Arriving back in Scotland on Sunday night, I had a ticket for Ann Liv Young, but felt an overwhelming urge to engage in a positive action with clarity and surety, so instead I visited Tim and his partner, taking food and juice. I wondered why going to see Mermaid didn’t seem as valid a positive action in this moment? Is seeing this work a positive action? Many friends of mine who are artists would I’m sure feel frustrated by what I am saying now. They would say that art with a genuine inquiry is a positive entity in the world, full stop. Beyond that we shouldn’t be so hung up on labelling it in terms of what it does, and that naming it in this way only encourages the compartmentalisation of everything in our society, which art should-in it’s very nature-avoid, subvert and transcend. They might say that I am narrowing the way in which to interact with work, and in some ways I agree. Perhaps it is too much to want to place values on art in this way, as maybe it feels too close to the values you might place on a labour party manifesto, on a cup of starbucks or on whatever dress Jennifer Anniston is wearing this month in one of those magazines.  I feel in agreement this to.  I am however caught up in a need for the artist to play a positive role in our world right now. This because I value art and creative above Politics (big P) and economics and all the other things that appear to be failing people and animals and life in general on our earth right now. You only need to open the paper, or just walk down my local high street in Ayr, or talk to practically anyone to know there’s much work to be done in our world.  I suppose I am grateful for the work that becomes a language and entity of it’s own, that is beyond our ideas of positive and negative action in this context, that re-invents our ability to look and see.

I wonder now how important it is for me that the artist has a positive intention in the world, perhaps because I see art and creativity as part of a possible solution for ‘better’. This doesn’t mean using a popularist aesthetic, or avoiding the complexities and difficulties of our modern world, or conforming to the value systems of the Guardian, or creative scotland, or anything else, but for me I appreciate work that thinks of itself as a contribution -even if in it’s form and delivery it is difficult, provocative and challenging, or if the worldview informing that contribution is radically different from mine.

I remember working with Gary Winters from Lonetwin and whilst we were making something he asked: ‘what is the job of this work?’ I appreicate work which knows it’s ‘job’ in the world. I wonder if this comes down to what the artist thinks of their role, and whether the viewer can trust or discern the intentions of the maker. Often when seeing work I can feel confused about artist’s intentions, and sometimes I wonder if the artist themselves are clear on them at all. I am enticed by  live inquiries, critical consciousness and some sense of responsibility. Having said this I am not dogmatic, which I also think is dangerous, and am always open to the inevitable learning on offer from all around me. All this feels very live to me right now as in terms of  Fatherland, Motherland  I/it doesn’t know its role as yet.  It is finding it’s usefulness with time, but this process is slow. I don’t want to ‘name’ it, but instead I want to discover it with time and through practice. Whether this will happen in time for the presentation of the work I do not know, but the process is rich!

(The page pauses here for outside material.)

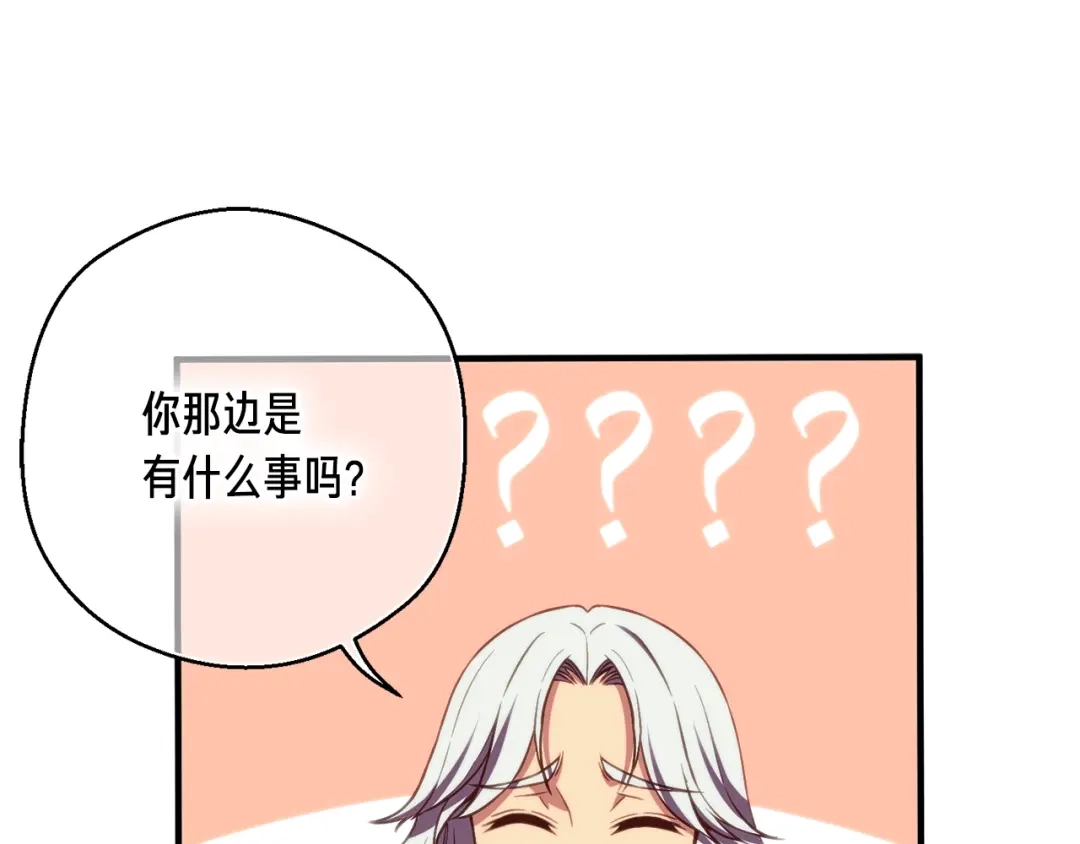 《月光雕刻师》第145话 猥琐站位 第41页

I am aware also, that everything I write can be problematised, but this is not a bad thing -quite the opposite!  I do not need to feel I am ‘right’ about things, I just need to feel I am interested and can be honest.

5. A conversation about something I did not see.

On a different note, I spoke with the wonderful Robert Softley about the ‘job’ of his work, which I sadly missed last week. I have posted this audio. Apologies for the quality, you have to listen carefully as it was recorded on my computer and is a bit muffled.

This is one of the ways I can respond to things I have never seen.  Or by painting gates maybe, or making a performance or writing a blog.